After being selected with the 14th overall pick in the 2020 NBA Draft, Boston Celtics wing, Aaron Nesmith, averaged 4.7 points and 2.8 rebounds per game during his rookie season. These include shooting splits of 43.8 percent from the field and 37 percent from beyond the arc.
Coming out of college he was deemed the best shooter in the draft, and rightfully so. In his final season at Vanderbilt, he averaged 23 points per game on a staggering 52 percent shooting from deep with over eight attempts per contest.
Nesmith has a skillset that is very ideal for today’s NBA, as a 3-and-D wing, or a player that is an exceptional shooter and defender.
There was not a ton of flashes of shot creation or playmaking from the rookie, however, the defensive intensity and long-range shooting were certainly there.
Boston Celtics forward Aaron Nesmith could be a significant contributor this season…but should he start?
Obviously there are a multitude of starting lineups the Boston Celtics could roll out this season, however one they should seriously consider involves putting Aaron Nesmith with the big names.
It truly depends on his development in terms of consistency, because last year was anything but consistent.
Throughout the first 58 games of the season he had 26 DNPs, and in the 32 games he did play, only logged an average of 12.7 minutes per game.

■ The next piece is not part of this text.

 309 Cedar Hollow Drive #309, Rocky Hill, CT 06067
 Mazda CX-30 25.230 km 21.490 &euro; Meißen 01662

In this span he averaged just 3.2 points on 36.5 percent shooting from the field, 31.9 percent shooting from three, and 68.8 percent shooting from the line.

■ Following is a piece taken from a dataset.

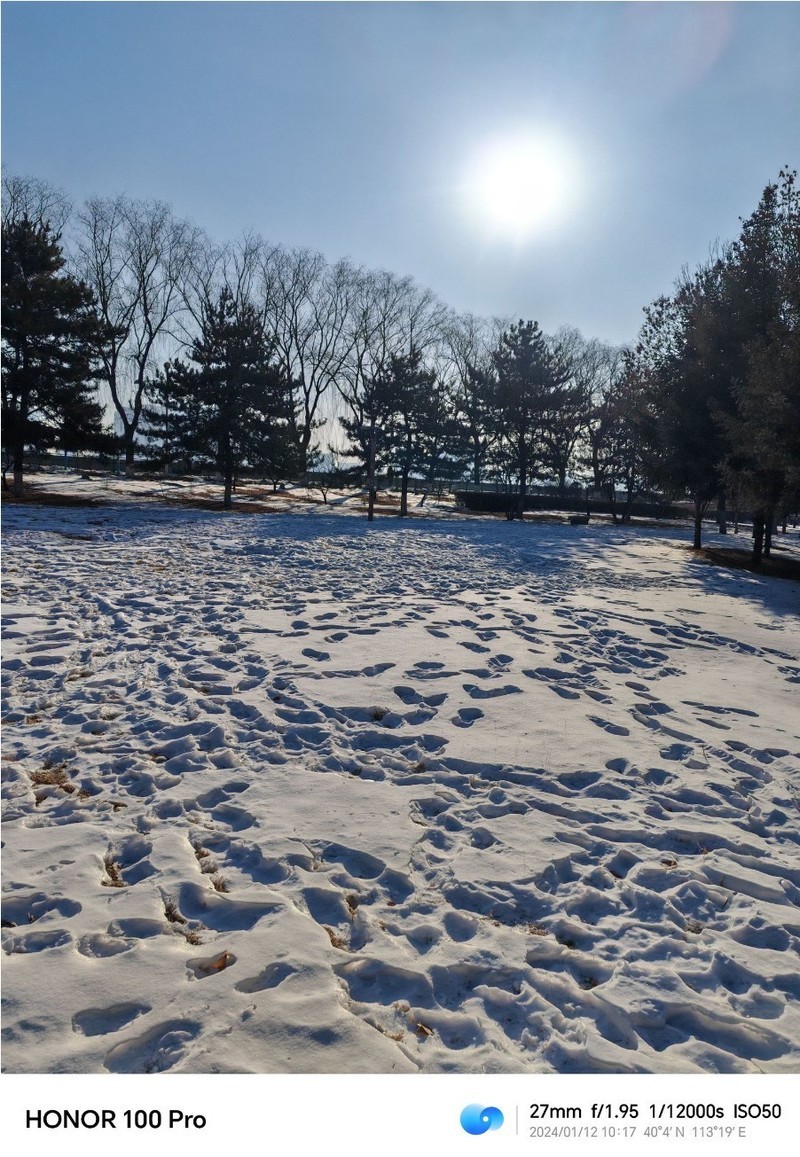 比LCD屏护眼，还补齐了被人诟病的短板，荣耀100 Pro到底好用吗？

Based off those numbers, it shows how he was almost completely ineffective.
What the numbers don’t show was his intensity in said minutes, as he was always giving it 110%.
His defensive IQ wasn’t off the charts, but his on-ball defense was that of a pest, making life hard for opponents.
However, near the end of the season, he really started to come into his own.
In those remaining 14 games, he exponentially improved his production, averaging 8.2 points per game on well over 50/40/90 shooting splits. This includes 46 percent shooting from deep on nearly three attempts per game.
Before the game against the Hornets on April 28th, he had not scored double digits in over two months, but he proceeded to score 15 or more in three straight games.
He found his groove at the best possible time, and proved he was the shooter the Boston Celtics hoped he would be.
If he can carry just 75 percent of that sort of production into the 2021 season, he should be considered for a starting spot.
He is the type of player defenses can’t leave alone on the perimeter, so he adds nice spacing to the starting lineup to allow Tatum and Brown to get easier shots.
However it works in the same way vice versa, in the sense that Tatum and Brown’s scoring gravity will help Nesmith get the easiest possible looks beyond the arc.
Being a good, high-energy defender, along with having exceptional shooting abilities would make him a good starter on almost any team. Obviously there are players the Celtics can start that are better than Nesmith, but that doesn’t mean the fit is better.
The now second-year pro is not ball dominant at all compared to a Dennis Schroder or Josh Richardson who need the rock in order to be effective.
Starting Nesmith allows BOTH of those players to come off the bench, deepening the second unit purely by fit with the starters.
The starting lineup could be Marcus Smart, Jaylen Brown, Nesmith, Jayson Tatum, and Robert Williams, with Schroder, Pritchard, Richardson, Hernangomez and Horford coming off the bench.
That 10-man rotation would be extremely lethal on both sides of the ball, with plenty of shooting, scoring, shot-creating, playmaking, and defense to go around.
The Boston Celtics really can’t go wrong with the starters with all this newly acquired talent, but hopefully Aaron Nesmith gets some serious contemplation from the coaching staff to be a starter.